_Exercise details:_
Reproduce the lines below exactly, from the one containing "For the end" through the one containing "New Year Sale", both included. Leave out any pictures.

_Input for this task:_
——————————

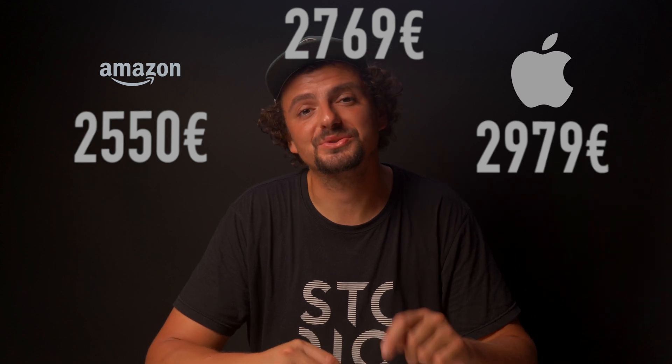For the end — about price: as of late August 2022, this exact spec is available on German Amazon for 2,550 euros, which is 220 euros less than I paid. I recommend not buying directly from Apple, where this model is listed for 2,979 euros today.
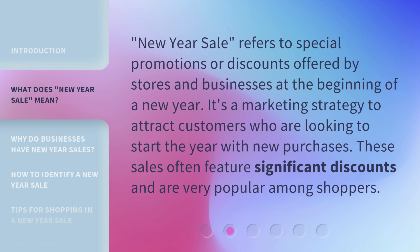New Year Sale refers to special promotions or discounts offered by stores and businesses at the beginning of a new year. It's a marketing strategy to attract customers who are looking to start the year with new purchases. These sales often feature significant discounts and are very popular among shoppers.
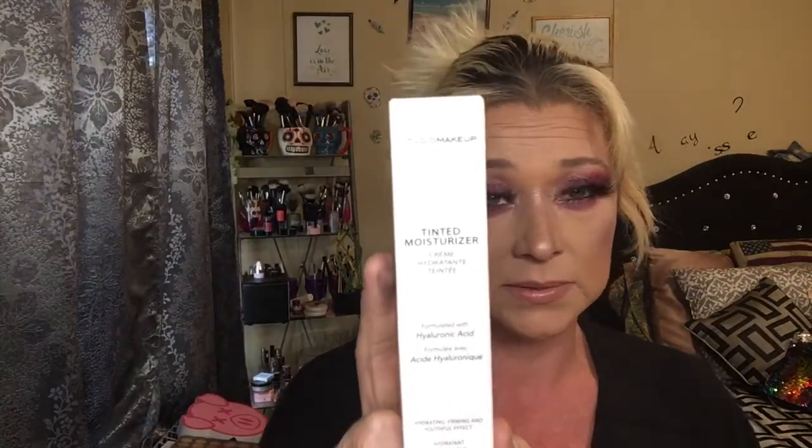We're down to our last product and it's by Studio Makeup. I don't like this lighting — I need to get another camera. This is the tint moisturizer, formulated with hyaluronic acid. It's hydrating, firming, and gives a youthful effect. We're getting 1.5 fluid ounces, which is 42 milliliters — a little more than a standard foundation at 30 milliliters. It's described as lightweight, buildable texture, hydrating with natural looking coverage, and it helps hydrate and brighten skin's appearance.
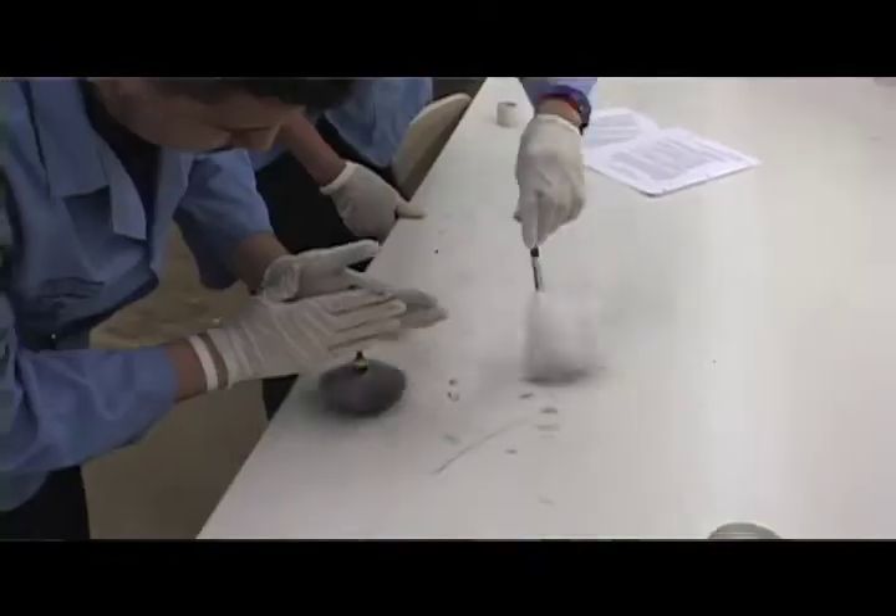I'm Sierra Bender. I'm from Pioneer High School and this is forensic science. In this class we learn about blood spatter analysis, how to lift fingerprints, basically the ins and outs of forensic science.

——————————

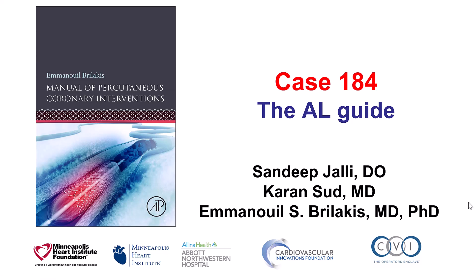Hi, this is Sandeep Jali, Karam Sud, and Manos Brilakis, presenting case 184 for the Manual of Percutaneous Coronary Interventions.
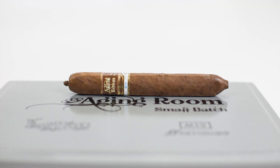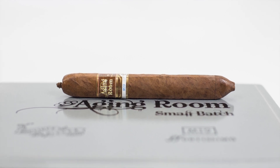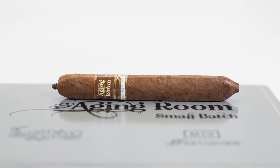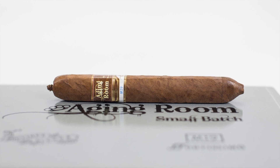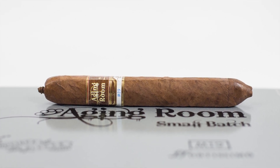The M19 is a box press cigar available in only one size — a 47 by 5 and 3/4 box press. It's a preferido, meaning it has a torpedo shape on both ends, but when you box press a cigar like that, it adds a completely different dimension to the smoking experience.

——————————

_Answer to this problem:_
For the end — about price: as of late August 2022, this exact spec is available on German Amazon for 2,550 euros, which is 220 euros less than I paid. I recommend not buying directly from Apple, where this model is listed for 2,979 euros today.
New Year Sale refers to special promotions or discounts offered by stores and businesses at the beginning of a new year. It's a marketing strategy to attract customers who are looking to start the year with new purchases. These sales often feature significant discounts and are very popular among shoppers.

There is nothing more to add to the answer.